The survey, which polled nearly 600 IT professionals worldwide, found that 75 percent of companies estimate that a quarter of their network traffic over the last three months consisted of unified communications-related applications, such as Voice over Internet Protocols (VoIP), unified messaging, and instant messaging. Forty percent of them currently use integrated voice, video, and Web conferencing, and nearly 70 percent have deployed VoIP. Nearly 80 percent of respondents expect network traffic from their communications applications to increase during the next year.
Already, Internet browsing, video, email, and Web conferencing account for roughly 78 percent of the additional network traffic. Broken down, email accounts for 21 percent, video applications for 20 percent, VoIP for 12 percent, Web conferencing for 8 percent, and instant messaging for 3 percent.
With the increasing communications traffic, IT managers constantly will be confronted with maintaining quality of service for all applications. The ramp-up in UC is already taking its toll, as 38 percent of companies have suffered some network and application performance problems due to the convergence of communications applications onto their IP network. Almost 20 percent said they were having performance problems but could say for certain that they were related to the convergence of communications.
For many, the problem stems from a lack of understanding about the technologies and their unique capabilities. "First you start blending things that were not together before, and now you are combining them on a single platform," explains James Messer, director of technical marketing at Network General, which is based in San Jose, Calif.

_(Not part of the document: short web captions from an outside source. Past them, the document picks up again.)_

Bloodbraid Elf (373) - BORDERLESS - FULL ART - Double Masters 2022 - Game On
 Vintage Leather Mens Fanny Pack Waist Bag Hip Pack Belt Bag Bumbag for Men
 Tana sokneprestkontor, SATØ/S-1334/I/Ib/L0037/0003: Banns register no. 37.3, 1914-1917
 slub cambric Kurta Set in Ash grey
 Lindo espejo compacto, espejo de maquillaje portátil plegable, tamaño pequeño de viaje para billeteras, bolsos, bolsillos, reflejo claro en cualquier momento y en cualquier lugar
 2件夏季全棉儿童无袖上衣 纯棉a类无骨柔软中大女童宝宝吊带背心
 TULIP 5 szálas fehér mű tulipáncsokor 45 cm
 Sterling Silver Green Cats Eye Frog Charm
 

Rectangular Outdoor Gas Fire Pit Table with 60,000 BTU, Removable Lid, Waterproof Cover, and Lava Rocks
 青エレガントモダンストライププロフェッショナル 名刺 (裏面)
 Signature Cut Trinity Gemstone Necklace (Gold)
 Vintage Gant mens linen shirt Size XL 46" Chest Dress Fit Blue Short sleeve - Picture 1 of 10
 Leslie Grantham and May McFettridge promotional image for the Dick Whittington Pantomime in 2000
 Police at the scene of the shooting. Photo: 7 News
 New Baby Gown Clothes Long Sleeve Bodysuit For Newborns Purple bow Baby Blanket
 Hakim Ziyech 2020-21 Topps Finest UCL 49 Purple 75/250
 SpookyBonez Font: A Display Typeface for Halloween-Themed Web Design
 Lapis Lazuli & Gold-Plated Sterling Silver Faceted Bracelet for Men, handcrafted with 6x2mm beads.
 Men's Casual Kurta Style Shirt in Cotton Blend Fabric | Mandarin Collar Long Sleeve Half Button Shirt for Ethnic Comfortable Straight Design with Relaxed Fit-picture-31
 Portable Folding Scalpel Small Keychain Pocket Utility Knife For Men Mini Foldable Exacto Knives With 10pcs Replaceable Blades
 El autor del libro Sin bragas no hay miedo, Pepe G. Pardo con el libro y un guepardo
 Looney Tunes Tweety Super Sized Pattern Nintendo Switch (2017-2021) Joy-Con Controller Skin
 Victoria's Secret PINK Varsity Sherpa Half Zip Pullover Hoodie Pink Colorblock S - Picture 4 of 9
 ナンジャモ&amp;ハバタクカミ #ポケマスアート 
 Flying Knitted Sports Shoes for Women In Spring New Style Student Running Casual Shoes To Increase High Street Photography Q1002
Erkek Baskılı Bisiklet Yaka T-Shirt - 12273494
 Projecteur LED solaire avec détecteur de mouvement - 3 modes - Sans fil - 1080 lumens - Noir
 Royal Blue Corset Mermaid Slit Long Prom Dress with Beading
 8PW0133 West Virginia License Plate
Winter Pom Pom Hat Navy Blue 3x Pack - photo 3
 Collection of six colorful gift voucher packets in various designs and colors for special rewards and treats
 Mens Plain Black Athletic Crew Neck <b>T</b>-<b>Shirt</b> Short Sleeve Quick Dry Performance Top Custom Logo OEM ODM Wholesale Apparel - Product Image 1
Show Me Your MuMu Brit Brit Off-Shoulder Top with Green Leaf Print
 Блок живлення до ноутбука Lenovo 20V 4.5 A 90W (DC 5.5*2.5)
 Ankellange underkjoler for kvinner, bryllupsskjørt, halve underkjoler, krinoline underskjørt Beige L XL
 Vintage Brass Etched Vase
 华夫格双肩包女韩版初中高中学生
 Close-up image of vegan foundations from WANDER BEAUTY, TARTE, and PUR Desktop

"With the growth of unified communications and additional new applications, IT departments are finding that their environments are becoming increasingly complex, as each new service often comes with unique management tools," Messer adds.
To reap the full benefits of unified communications, companies must put in place the tools to comprehensively manage applications and ensure that quality of service is maintained, he says.
The best way to do that is to have technologies and processes in place to monitor and baseline all the pieces of their network infrastructure, including the IVR system, routers, switches and servers. "There are so many technologies right now, and they all have to work in concert, so you need a full view of them all," Messer explains. "You need to look at the entire business container."
Messer has identified three steps that all companies looking to integrate a unified communications package need to do:
• Begin monitoring and baselining to get an idea not only of what traffic will be like, but what the user experience will be like;
• Spend some time on the process, planning for and getting a full understanding of it; and
• Change company philosophies to reflect the changing technologies.
"In the past, the voice people took care of the voice part, the IT people took care of IT, security took care of security, and networking took care of the servers," he notes. "Now, they are all on one team, and the silos are fading. Where they have not faded, that’s where companies are having the most problems."
"It’s no longer just about bandwidth, but about how everything is performing together," Messer continues. It’s also "not about changing just one thing but looking at the entire service overall."